Update after going through the manga: Wow it's a shit ton better, but also the anime adapted it basically page for page. Basically, author was figuring out their stride, as it were. This anime is barely if at all indicative of what the series is about - I wouldn't mention this if it weren't for the fact that it's getting a second season, and that might be really amazing if they continue with the faithful-ness they have here.

Although, I'm not entirely sure the second island arc is long enough to fit a complete 12 episodes, and there's no way they're getting through the drug war arc.

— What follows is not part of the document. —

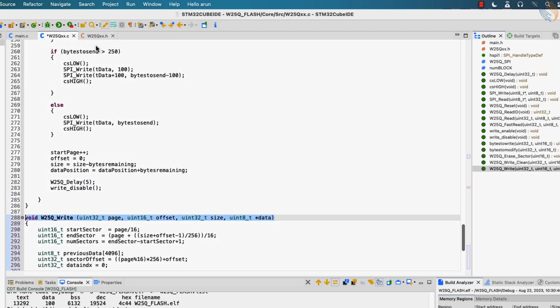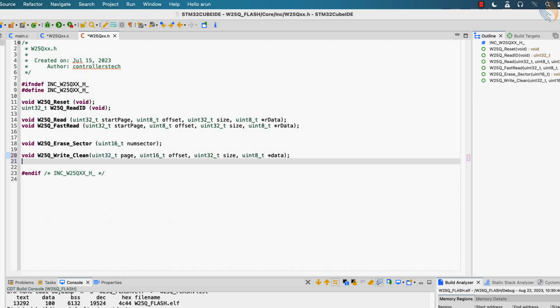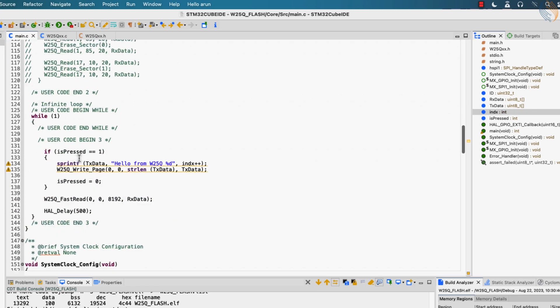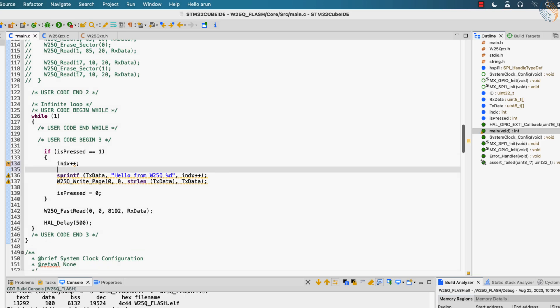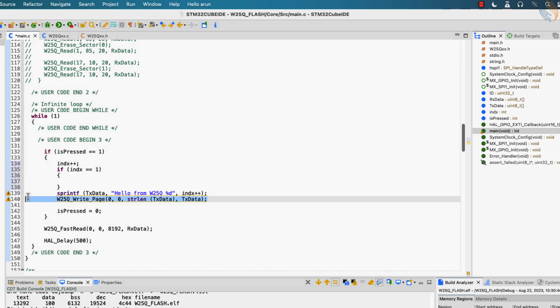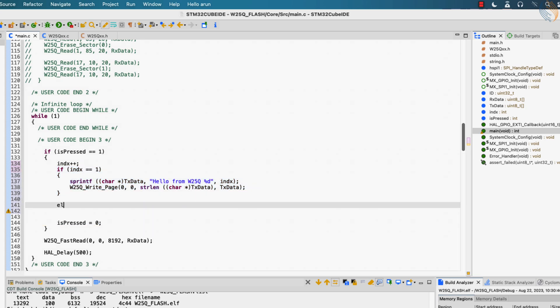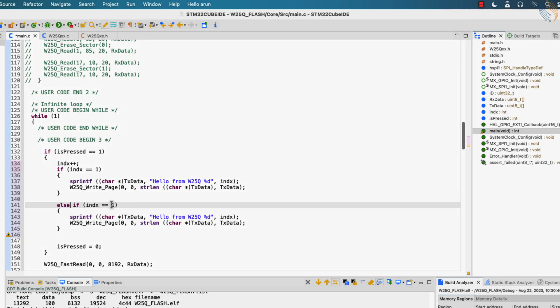Let's define this function in the header file. In the main file, we already have the variable index. When the button is pressed, we will increment this index variable, and for each value of this index variable we will perform different operations. If the index value is 1, we will write the data at the beginning of the memory. Similarly if the index value is 2, we will write the data to page 2 at an offset of 44. Page 0 and page 2 are both in sector 0, so if the code works we should see both the data at their respective locations. We are calling the write function to update the data in the sector.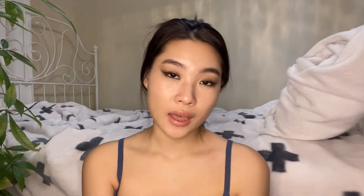I need to stop saying this again and again, but you can never ever reduce fat in a certain area — you can never spot reduce fat. In order to lose fat in that area you have to lose the overall fat percentage, whether it's through cardio and a healthy diet. You guys already know the drill; I'm just saying this again because I got a comment about it in my last video.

So yeah - this series takes the parallel world/isekai concept to its core themes- the situations our heroes go in after this arc are directly parallel to current/several years ago modern events. The author does their research and doesn't make any presumptious (aka idiotic) claims about what should work, just uses literally what we have. The time skip means they don't even have to guess at what happens in the medium/long term (which would be quite a bold statement) and instead deals with it in isolation. Some people might dislike that because it's basically avoiding the issue, but I'm not sure there's any good answer when it's so closely tied to reality.

If that sounds incredible to you, it's because it is. If it sounds very basic to you, it also is - but its done incredibly thoroughly - at least for anyone who isn't actively studying the topics, I guess - I'm not one of those people so i can't speak on their behalf.

If you think the religious war part of this season was kinda like that - no, no, not even close.